Charge density isosurface of the electron and hole natural transition orbitals of the lowest energy electronically excited state in the trimer of SiIDT-DTBT, depicting the charge density distribution upon excitation by light. Calculations were performed by TD-DFT B3LYP/6-31g* and are taken with permission from reference [13].

In addition to intrachain excited states, many conjugated polymers including co-polymers form interchain excited states that can be thought of as the excitons generated in molecular crystals, where the excitation can be shared between neighboring chromophores [26]. These occur frequently in molecular crystals and crystalline polymer films as a result of strong electronic interactions between the neighboring chromphores [27]. The exciton is a strongly bound electron-hole particle that has no net dipole moment and distinctive optical properties, such as well-defined vibronic peaks and strong 0-0 transitions. These optical signatures allow an easy identification of a high structural order in thin polymer films [28].
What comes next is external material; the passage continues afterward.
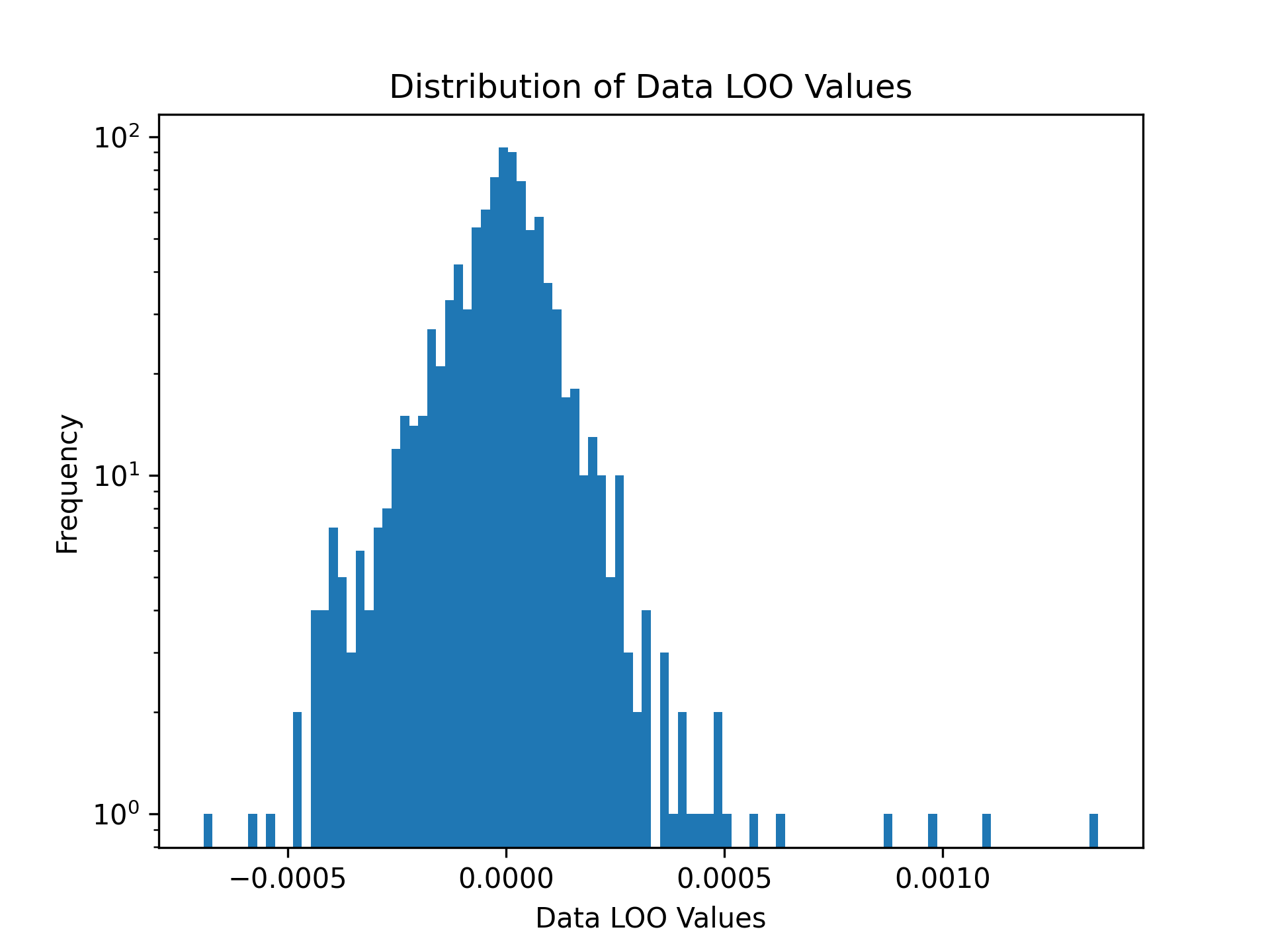 Data Leave-One-Out values for Next-Basket Recommendations with TIFU-kNN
Another type of interchain excited state that has been observed in polymer films is the excimer that is an excited state complex of two stacked chromophores formed dynamically through molecular rearrangements after light absorption [29]. The excimer cannot be directly excited through light absorption and is identified by its distinctively broad and featureless emission spectrum that is red-shifted from the monomer emission [30]. Excimers are frequently observed in solutions of aromatic molecules, where solvent and molecular geometrical rearrangements are possible. In thin polymer films, however, the movement of the chromophores is highly restricted due to steric hindrance caused by dense polymer packing. Despite of this, excimer formation still takes place in films and on surprisingly fast timescales (picoseconds), possibly because of the existence of pre-associated complexes that require only a small geometrical reorganization [4]. It has been demonstrated that the yield of excimers in polymer films can be significant reaching up to 30% for highly crystalline P3HT domains [31,32]. Rumbles et al. have also pointed out that in addition to excimers and excitons, polymer films generate a low yield of long-lived polaron states [4,33]. These are electrons and holes that are coupled to the molecular vibrations and are able to diffuse through the film [26]. Due to their low yields, the polarons will not be further discussed in this article. We note that excimers and excitons are often difficult to distinguish spectroscopically. Therefore, in the studies of excited state diffusion in polymer films these are generally referred to as singlet excitons.

1.2. Exciton Diffusion in Polymer Films

Singlet exciton diffusion is one of the key material parameters that determine OSC device performance. It can be described as the migration of energy through a film via series of energy transfer steps. In its simplest form, each step can be understood as a dipole-dipole induced non-radiative energy transfer process between the neighboring chromophores in the film that is best described by the Forster Resonance Energy Transfer mechanism [6,7,34]. In the OSC literature, the most widely cited figure of merit for exciton diffusion is the exciton diffusion length (LD) that is defined as the root mean square of the spatial displacement of the exciton from its origin during its lifetime. It, therefore, depends directly on the lifetime of the excitons as shown in the following expression:

LD=2ZDτ (1)

where Z is equal to 1, 2, or 3 for the number of dimensions the exciton can travel, D is the diffusivity of the film expressed with units cm2·s−1 and τ is the exciton lifetime.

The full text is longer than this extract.